*** Provided material Section Begins ***

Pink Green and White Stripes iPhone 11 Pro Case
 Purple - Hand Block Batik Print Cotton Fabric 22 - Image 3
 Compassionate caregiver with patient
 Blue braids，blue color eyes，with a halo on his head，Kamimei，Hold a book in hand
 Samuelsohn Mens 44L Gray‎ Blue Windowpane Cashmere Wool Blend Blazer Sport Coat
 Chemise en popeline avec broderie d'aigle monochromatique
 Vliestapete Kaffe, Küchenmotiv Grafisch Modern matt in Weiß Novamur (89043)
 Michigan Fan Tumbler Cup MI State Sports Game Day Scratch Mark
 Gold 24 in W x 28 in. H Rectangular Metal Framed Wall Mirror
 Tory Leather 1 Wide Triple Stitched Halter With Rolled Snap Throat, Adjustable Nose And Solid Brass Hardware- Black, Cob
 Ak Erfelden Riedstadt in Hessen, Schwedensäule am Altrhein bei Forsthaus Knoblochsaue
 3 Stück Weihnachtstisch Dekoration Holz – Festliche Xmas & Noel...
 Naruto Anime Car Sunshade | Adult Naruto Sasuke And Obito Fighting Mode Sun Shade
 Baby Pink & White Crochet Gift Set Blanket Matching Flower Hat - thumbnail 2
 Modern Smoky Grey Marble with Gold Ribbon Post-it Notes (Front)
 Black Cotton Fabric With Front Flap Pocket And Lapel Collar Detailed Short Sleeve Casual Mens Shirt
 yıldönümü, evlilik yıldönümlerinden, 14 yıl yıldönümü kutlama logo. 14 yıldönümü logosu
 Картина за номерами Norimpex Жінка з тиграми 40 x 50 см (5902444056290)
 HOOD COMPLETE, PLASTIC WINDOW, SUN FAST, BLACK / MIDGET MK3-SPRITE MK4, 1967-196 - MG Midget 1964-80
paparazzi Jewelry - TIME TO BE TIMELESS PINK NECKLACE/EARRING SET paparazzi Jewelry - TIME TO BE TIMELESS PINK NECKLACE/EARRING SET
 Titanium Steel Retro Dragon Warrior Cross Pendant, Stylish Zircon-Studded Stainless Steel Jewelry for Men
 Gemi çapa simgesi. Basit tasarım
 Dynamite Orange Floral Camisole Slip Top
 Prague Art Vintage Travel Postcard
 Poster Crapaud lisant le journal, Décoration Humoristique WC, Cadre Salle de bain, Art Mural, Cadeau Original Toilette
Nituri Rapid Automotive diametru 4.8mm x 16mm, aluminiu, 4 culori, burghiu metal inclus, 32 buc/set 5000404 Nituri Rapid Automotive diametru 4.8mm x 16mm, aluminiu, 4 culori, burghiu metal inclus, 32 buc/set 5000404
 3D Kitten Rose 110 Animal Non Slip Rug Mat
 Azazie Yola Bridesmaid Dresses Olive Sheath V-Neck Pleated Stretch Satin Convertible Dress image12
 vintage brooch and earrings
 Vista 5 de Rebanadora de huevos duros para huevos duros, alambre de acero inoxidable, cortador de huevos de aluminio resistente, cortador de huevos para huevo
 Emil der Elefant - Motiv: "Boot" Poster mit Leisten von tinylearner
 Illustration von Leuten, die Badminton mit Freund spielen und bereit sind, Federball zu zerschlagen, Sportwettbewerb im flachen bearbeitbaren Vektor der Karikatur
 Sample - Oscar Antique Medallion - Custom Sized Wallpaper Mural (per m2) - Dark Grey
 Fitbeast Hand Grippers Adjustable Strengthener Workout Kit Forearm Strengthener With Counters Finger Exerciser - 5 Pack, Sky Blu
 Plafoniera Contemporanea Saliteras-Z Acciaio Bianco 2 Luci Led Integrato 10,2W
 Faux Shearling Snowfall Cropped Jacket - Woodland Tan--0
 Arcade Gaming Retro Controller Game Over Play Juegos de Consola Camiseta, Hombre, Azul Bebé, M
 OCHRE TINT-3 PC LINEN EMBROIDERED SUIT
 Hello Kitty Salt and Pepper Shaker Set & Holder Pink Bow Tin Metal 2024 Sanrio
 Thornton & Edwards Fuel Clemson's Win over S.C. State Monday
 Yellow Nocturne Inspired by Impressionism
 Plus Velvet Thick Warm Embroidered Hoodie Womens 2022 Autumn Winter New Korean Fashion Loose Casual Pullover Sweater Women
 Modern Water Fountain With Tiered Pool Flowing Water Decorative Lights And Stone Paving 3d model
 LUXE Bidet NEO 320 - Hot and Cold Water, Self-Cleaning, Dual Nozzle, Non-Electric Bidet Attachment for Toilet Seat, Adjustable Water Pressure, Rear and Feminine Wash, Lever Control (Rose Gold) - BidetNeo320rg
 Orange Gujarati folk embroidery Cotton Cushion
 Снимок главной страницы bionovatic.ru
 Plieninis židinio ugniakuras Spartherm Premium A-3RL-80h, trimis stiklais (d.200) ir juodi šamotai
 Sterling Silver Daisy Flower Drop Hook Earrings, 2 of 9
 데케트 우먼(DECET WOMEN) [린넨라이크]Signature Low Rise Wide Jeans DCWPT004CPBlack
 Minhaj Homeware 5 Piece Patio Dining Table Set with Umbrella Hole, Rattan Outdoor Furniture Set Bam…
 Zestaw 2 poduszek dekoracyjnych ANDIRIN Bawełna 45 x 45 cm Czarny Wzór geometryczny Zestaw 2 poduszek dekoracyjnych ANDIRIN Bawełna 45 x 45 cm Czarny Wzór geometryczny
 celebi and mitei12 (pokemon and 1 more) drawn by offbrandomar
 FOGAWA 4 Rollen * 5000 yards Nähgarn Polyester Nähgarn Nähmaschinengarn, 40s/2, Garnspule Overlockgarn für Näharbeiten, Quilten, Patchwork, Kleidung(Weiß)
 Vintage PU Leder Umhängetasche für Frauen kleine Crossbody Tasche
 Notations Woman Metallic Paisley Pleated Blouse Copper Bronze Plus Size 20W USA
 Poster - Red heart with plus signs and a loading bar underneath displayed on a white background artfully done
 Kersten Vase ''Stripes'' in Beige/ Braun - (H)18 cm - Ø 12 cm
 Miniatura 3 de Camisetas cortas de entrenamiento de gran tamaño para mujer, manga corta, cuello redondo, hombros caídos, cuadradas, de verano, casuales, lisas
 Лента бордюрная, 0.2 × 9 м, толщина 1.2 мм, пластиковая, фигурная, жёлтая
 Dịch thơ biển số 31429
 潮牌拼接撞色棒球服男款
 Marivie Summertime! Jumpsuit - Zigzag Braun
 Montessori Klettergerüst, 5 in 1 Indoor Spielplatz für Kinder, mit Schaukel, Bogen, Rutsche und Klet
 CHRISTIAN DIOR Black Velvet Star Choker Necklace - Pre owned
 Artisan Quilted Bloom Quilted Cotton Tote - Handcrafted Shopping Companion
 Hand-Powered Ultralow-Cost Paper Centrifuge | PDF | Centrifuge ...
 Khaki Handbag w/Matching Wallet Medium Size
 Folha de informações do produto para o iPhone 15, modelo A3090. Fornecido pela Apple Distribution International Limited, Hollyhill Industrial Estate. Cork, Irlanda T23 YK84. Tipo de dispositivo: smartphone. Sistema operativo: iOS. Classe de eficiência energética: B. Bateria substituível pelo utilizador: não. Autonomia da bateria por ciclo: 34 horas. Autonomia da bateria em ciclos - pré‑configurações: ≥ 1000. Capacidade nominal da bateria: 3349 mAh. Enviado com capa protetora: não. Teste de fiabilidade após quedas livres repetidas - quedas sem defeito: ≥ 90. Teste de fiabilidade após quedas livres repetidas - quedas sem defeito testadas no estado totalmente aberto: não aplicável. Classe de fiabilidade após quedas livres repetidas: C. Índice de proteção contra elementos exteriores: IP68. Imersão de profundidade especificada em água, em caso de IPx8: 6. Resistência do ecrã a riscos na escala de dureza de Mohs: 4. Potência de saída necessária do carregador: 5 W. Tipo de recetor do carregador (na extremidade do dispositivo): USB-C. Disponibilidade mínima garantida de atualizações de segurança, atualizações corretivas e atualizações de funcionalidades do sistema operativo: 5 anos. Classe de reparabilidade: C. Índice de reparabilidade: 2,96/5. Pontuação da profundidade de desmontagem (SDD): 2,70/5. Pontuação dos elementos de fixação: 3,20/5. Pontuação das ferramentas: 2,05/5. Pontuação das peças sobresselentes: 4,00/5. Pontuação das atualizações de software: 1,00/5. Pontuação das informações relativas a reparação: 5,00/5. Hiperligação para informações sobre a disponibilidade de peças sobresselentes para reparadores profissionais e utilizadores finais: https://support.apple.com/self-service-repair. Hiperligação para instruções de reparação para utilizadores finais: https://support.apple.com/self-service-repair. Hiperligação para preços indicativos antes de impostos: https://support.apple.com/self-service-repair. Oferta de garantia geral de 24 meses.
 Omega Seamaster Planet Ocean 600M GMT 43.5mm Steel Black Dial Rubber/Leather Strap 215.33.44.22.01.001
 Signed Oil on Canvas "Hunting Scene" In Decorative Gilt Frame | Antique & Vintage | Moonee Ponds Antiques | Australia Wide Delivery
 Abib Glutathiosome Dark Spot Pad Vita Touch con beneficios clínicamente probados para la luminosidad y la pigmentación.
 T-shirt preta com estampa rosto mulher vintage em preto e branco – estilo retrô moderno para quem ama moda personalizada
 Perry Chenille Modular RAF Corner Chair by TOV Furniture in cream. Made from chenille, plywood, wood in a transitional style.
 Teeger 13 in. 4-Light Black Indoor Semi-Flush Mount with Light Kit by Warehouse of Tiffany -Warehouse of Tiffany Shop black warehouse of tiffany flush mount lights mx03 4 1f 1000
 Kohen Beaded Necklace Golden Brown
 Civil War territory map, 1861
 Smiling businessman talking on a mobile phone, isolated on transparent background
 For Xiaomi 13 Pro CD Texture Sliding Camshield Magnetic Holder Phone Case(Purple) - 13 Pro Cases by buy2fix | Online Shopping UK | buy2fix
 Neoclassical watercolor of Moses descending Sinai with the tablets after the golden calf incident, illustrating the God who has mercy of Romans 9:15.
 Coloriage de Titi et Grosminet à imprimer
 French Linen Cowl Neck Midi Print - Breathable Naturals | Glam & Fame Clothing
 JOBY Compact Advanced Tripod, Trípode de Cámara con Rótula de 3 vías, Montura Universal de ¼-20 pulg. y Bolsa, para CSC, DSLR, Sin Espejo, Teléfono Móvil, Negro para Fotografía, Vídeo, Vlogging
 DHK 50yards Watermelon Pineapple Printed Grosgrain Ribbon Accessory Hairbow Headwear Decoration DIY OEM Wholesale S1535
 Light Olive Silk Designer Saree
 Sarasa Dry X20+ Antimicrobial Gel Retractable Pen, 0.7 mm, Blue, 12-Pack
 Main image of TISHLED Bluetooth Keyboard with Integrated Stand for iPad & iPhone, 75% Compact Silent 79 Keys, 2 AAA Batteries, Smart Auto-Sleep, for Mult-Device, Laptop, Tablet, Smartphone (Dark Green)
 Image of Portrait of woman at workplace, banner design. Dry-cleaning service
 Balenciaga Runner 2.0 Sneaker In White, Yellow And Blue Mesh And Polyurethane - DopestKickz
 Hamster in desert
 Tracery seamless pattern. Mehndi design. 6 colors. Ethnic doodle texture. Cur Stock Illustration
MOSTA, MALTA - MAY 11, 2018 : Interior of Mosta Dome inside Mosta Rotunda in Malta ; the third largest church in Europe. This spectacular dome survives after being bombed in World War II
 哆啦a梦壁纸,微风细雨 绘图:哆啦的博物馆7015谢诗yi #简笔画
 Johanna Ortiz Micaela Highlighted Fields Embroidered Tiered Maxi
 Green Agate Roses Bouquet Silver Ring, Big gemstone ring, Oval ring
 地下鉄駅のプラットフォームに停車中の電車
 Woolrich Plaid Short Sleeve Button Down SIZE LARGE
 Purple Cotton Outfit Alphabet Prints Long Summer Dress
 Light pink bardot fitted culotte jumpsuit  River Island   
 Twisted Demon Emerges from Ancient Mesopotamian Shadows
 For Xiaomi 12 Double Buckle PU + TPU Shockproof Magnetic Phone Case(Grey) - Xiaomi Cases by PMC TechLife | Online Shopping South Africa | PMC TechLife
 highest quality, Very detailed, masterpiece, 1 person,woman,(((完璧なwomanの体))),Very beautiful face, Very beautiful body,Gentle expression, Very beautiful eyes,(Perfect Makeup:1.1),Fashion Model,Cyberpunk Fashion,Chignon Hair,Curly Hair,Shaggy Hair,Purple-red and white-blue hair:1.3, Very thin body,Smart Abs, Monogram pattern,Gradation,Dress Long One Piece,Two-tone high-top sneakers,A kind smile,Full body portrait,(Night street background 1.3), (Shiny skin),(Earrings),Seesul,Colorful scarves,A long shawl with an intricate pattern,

*** Provided material Section Ends ***

> [Work to be completed]: Both the line containing "Montessori Klettergerüst, 5" and the line containing "Khaki Handbag w/Matching Wallet Medium Size" belong in the answer. Print them and every line above that falls between them exactly, and no others.

> [Answer section]:
 Montessori Klettergerüst, 5 in 1 Indoor Spielplatz für Kinder, mit Schaukel, Bogen, Rutsche und Klet
 CHRISTIAN DIOR Black Velvet Star Choker Necklace - Pre owned
 Artisan Quilted Bloom Quilted Cotton Tote - Handcrafted Shopping Companion
 Hand-Powered Ultralow-Cost Paper Centrifuge | PDF | Centrifuge ...
 Khaki Handbag w/Matching Wallet Medium Size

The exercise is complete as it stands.